我们就分析完成Dalvik虚拟机在Zygote进程中的启动过程，这个启动过程主要就是完成了以下四个事情：
1. 创建了一个Dalvik虚拟机实例；
2. 加载了Java核心类及其JNI方法；
3. 为主线程的设置了一个JNI环境；
4. 注册了Android核心类的JNI方法。

换句话说，就是Zygote进程为Android系统准备好了一个Dalvik虚拟机实例，以后Zygote进程在创建Android应用程序进程的时候，就可以将它自身的Dalvik虚拟机实例复制到新创建Android应用程序进程中去，从而加快了Android应用程序进程的启动过程。此外，Java核心类和Android核心类（位于dex文件中），以及它们的JNI方法（位于so文件中），都是以内存映射的方式来读取的，因此，Zygote进程在创建Android应用程序进程的时候，除了可以将自身的Dalvik虚拟机实例复制到新创建的Android应用程序进程之外，还可以与新创建的Android应用程序进程共享Java核心类和Android核心类，以及它们的JNI方法，这样就可以节省内存消耗。

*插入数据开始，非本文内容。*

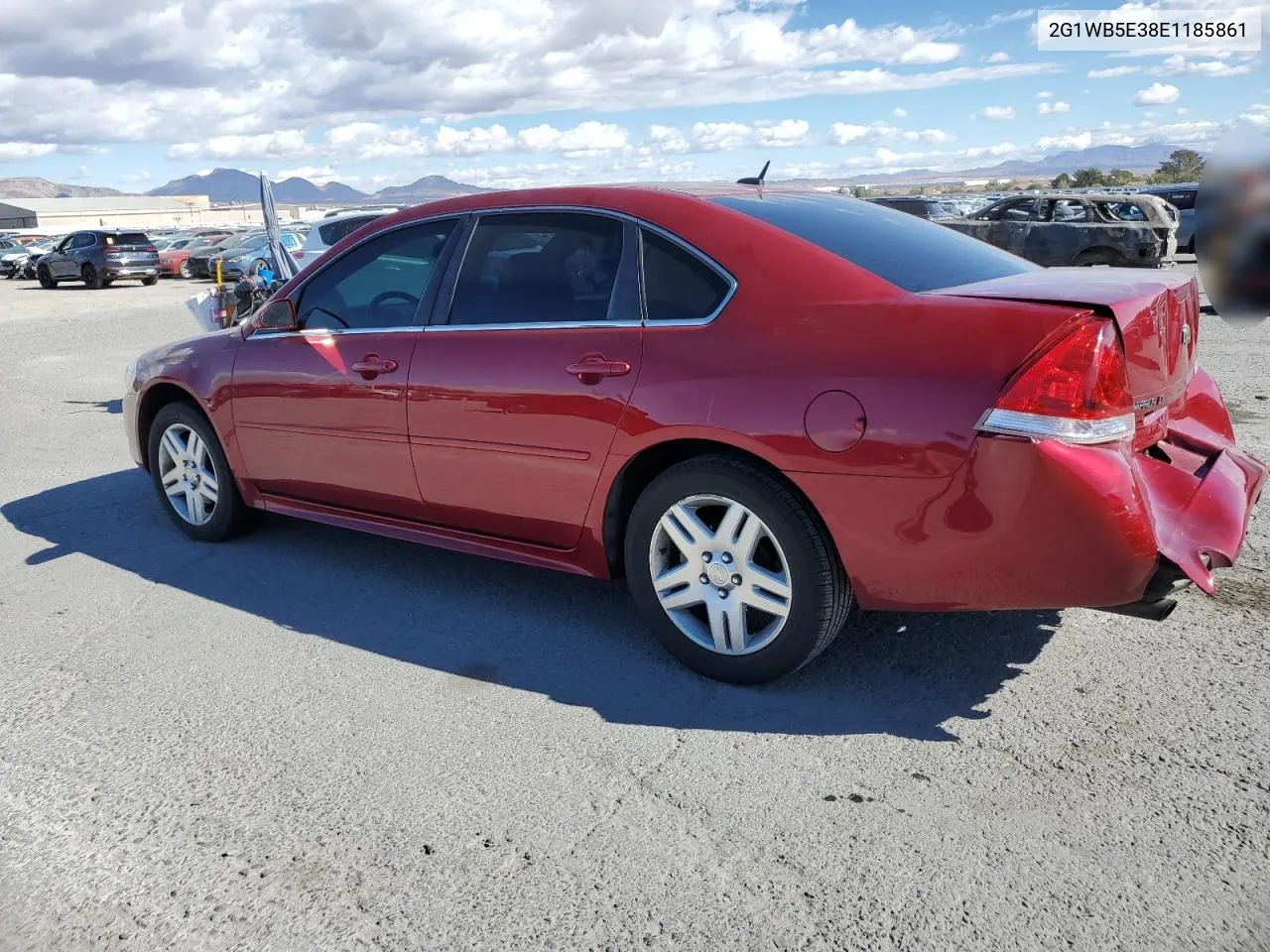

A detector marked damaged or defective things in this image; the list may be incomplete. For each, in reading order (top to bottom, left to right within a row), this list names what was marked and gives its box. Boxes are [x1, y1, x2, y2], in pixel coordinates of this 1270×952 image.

damaged vehicle in background [945, 191, 1183, 268] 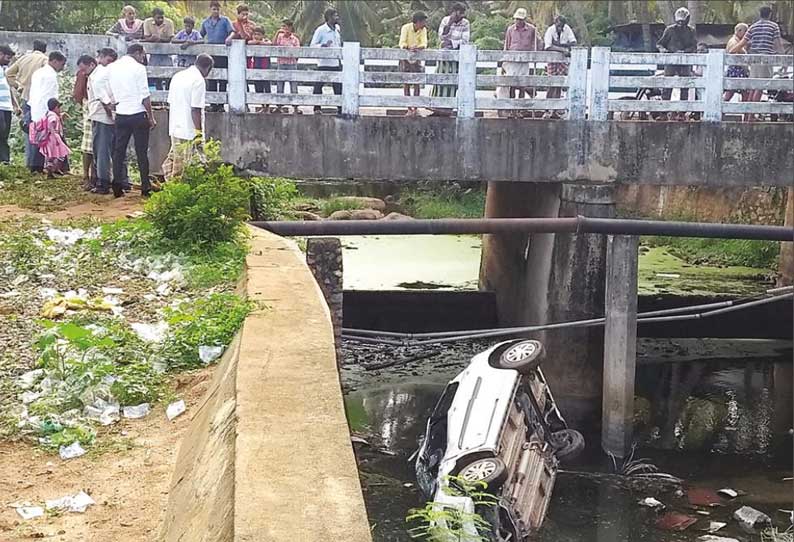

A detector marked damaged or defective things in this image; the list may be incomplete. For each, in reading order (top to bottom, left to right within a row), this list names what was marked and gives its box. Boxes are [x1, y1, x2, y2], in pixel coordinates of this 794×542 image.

overturned white car [414, 340, 580, 540] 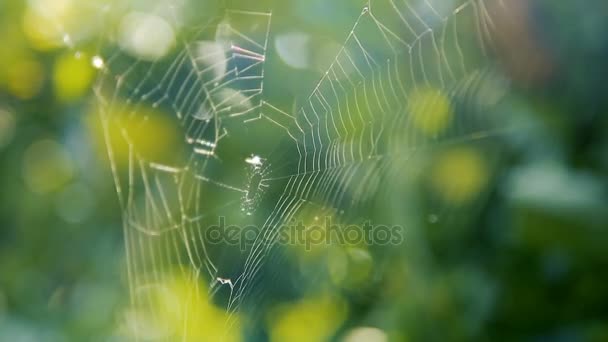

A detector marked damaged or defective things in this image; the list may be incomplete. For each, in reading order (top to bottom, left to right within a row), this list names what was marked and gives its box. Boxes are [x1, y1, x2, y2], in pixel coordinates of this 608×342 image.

torn web section [92, 2, 280, 340] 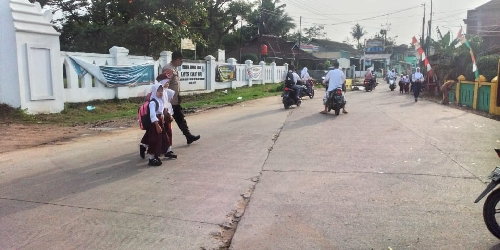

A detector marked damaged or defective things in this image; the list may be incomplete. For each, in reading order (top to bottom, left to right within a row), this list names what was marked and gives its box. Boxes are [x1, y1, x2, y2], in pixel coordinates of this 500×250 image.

road surface crack [216, 110, 292, 249] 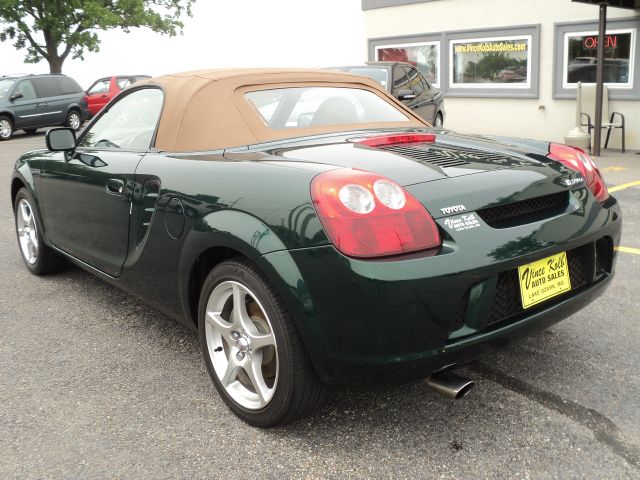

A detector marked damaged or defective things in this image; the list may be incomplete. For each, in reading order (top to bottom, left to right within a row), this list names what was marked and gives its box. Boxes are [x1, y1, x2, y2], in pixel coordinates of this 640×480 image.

parking lot crack [470, 364, 640, 468] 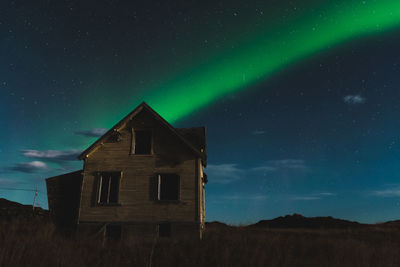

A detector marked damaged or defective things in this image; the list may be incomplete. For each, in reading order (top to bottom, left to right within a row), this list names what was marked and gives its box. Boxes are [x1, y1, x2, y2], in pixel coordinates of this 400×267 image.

broken window frame [133, 129, 155, 156]
broken window frame [97, 173, 122, 206]
broken window frame [157, 173, 180, 202] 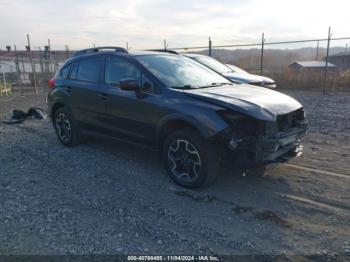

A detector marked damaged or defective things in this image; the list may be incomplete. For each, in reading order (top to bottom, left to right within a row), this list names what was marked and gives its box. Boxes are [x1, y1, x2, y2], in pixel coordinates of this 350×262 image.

crumpled hood [183, 84, 304, 122]
front-end collision damage [217, 108, 308, 168] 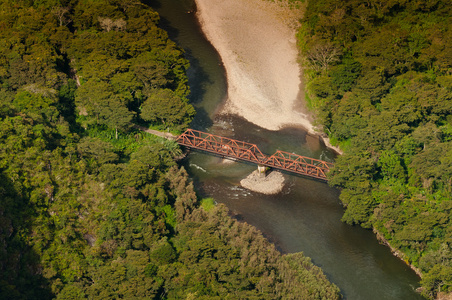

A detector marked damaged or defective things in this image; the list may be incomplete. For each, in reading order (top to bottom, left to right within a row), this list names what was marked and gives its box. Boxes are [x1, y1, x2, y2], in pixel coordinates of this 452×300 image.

rusty steel truss bridge [176, 129, 332, 180]
rusted orange metal [177, 129, 332, 180] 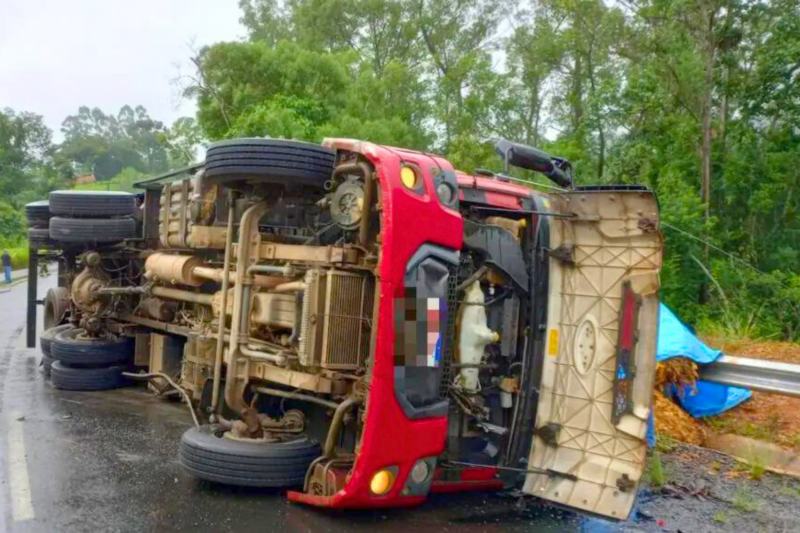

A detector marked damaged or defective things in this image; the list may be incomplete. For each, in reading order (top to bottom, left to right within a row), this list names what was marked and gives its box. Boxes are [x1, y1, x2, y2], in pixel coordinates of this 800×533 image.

overturned truck [26, 137, 664, 520] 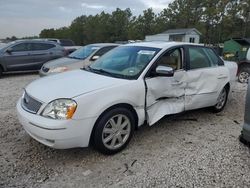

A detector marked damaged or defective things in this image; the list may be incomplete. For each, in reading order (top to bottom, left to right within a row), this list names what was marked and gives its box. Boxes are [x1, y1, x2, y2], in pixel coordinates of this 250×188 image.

crumpled hood [25, 70, 127, 103] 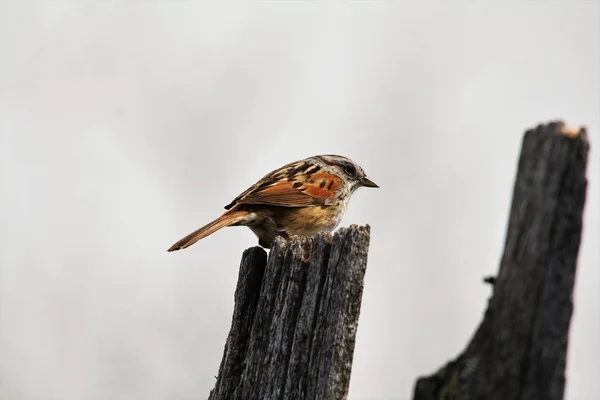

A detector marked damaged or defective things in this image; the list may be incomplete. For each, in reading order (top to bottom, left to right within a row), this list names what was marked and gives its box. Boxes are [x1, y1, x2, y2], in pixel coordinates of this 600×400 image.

splintered wood post [210, 225, 370, 400]
splintered wood post [412, 121, 592, 400] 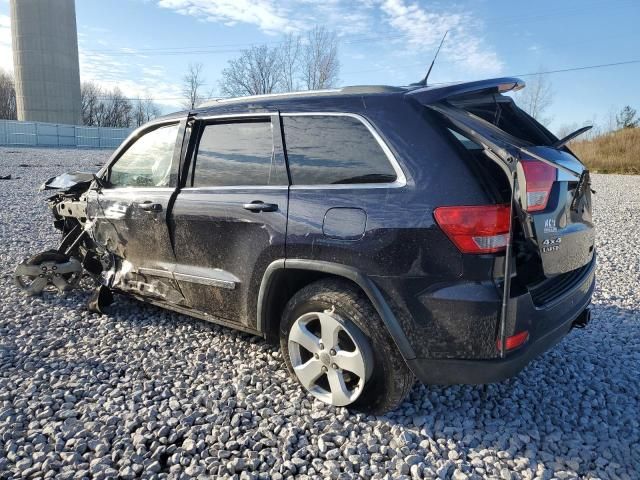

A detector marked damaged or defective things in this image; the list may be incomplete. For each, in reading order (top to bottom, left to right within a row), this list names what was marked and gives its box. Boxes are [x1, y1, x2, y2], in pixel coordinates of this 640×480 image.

damaged dark blue suv [16, 78, 596, 412]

同时，我们也应该看到，Zygote进程为了加快Android应用程序进程的启动过程，牺牲了自己的启动速度，因为它需要加载大量的Java核心类，以及注册大量的Android核心类JNI方法。Dalvik虚拟机在加载Java核心类的时候，还需要对它们进行验证以及优化，这些通常都是比较耗时的。又由于Zygote进程是由init进程启动的，也就是说Zygote进程在是开机的时候进行启动的，因此，Zygote进程的牺牲是比较大的。不过毕竟我们在玩手机的时候，很少会关机，也就是很少开机，因此，牺牲Zygote进程的启动速度是值得的，换来的是Android应用程序的快速启动。而且，Android系统为了加快Java类的加载速度，还会想方设法地提前对Dex文件进行验证和优化，这些措施具体参考Dalvik Optimization and Verification With dexopt一文。